It’s been a while.
Looking back at every conversation we’ve had and every feeling I felt with you was beyond my control. I catch myself missing you and it’s sad. You left me bitter and filled with so much hate. I have so many things left unsaid and I often find myself debating if I should put anything out there because what difference does it make now. I will be completely over you. Some days, I feel like I already am and other days, I’m ready to come crawling back to you. I’ve made sure to give you no satisfaction of knowing how I’m doing but I wish you every bit of happiness and desire you deserve. I learned your darkest secrets, the ones that you kept tucked behind the corners of your mind. I learned your flaws, so I learned to love them, too.
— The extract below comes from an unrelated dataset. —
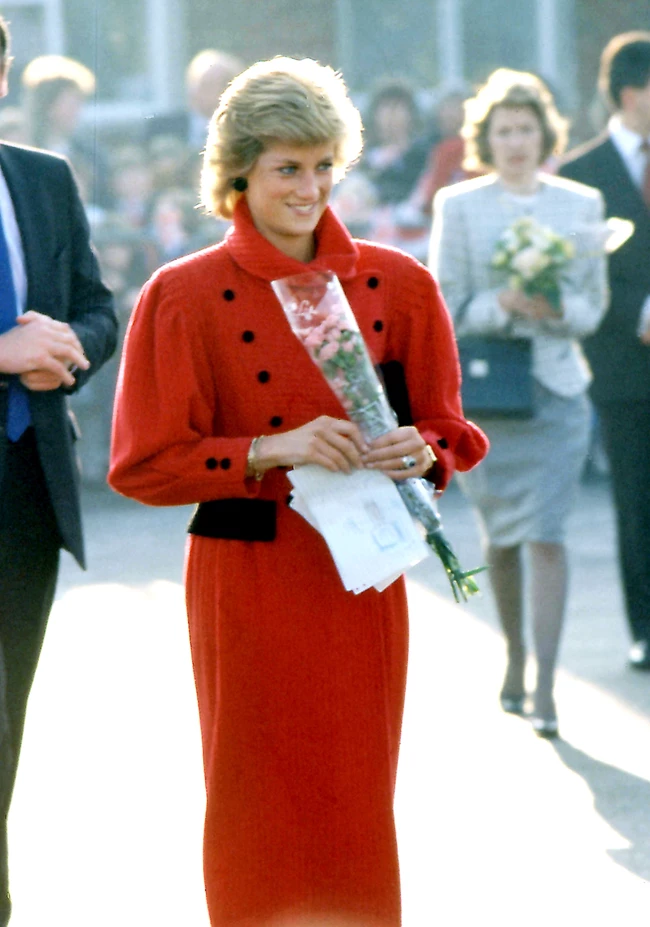 Diana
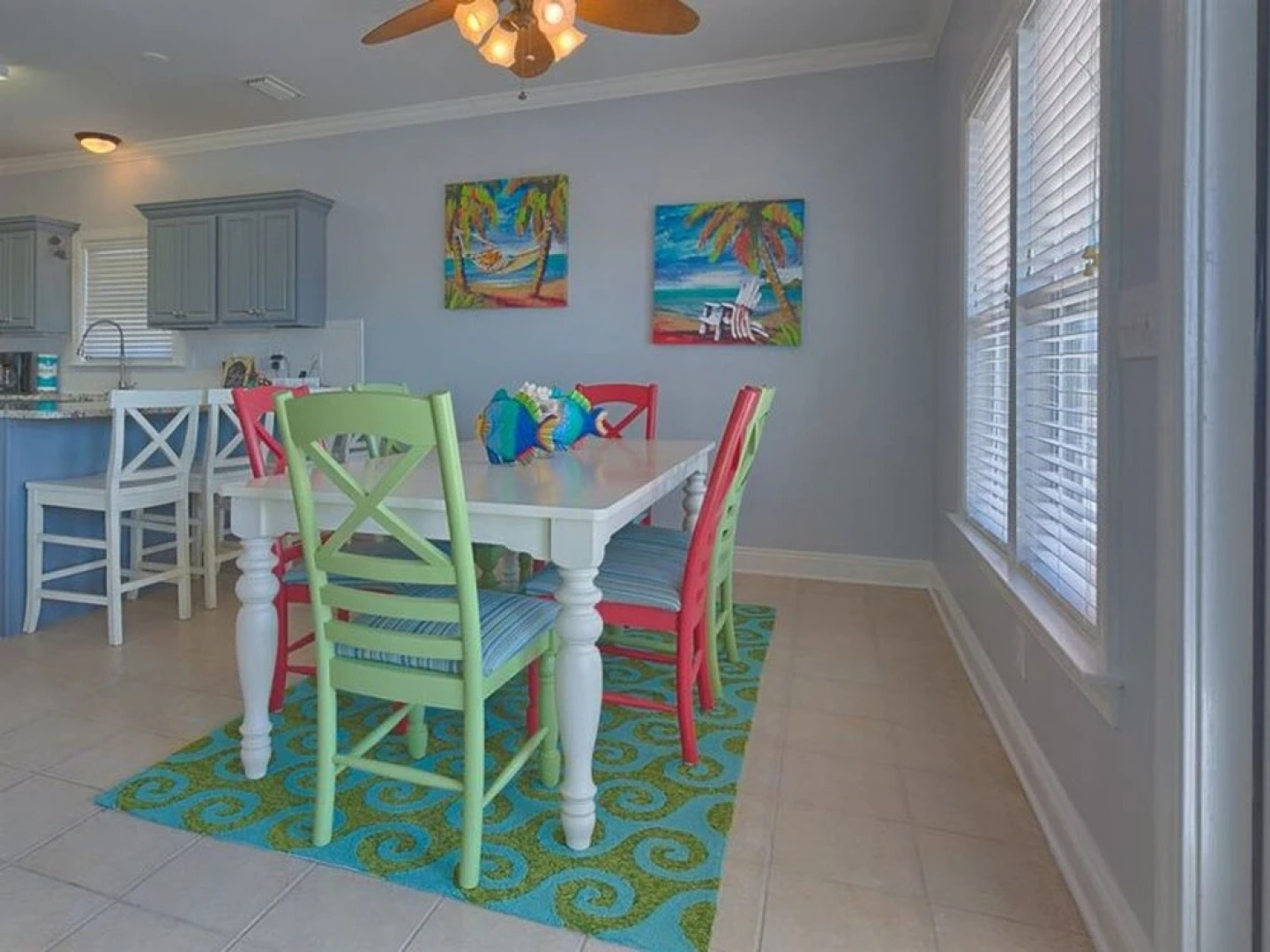 Reel Love by Meyer Vacation Rentals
I learned your deepest fears, your aspirations, and your desires. I learned to know you like the back of my hands, to instinctually know your state of your mind. I learned to know you like I know myself; I dug and dug to your innermost core. I learned to discover every atom that constructs the woman I loved, so beautifully. If I knew how things would have turned out for us, I probably would have did things differently. Although, if I hadn’t, I wouldn’t know now about the beauty in life. Because before you, I only saw the moon. And after, I finally saw stars.
Thank you for making me realize my worth. Thank you for loving me the way you did. Thank you for putting perspective and happiness in my life that I needed.
Thank you for wasting my fucking time.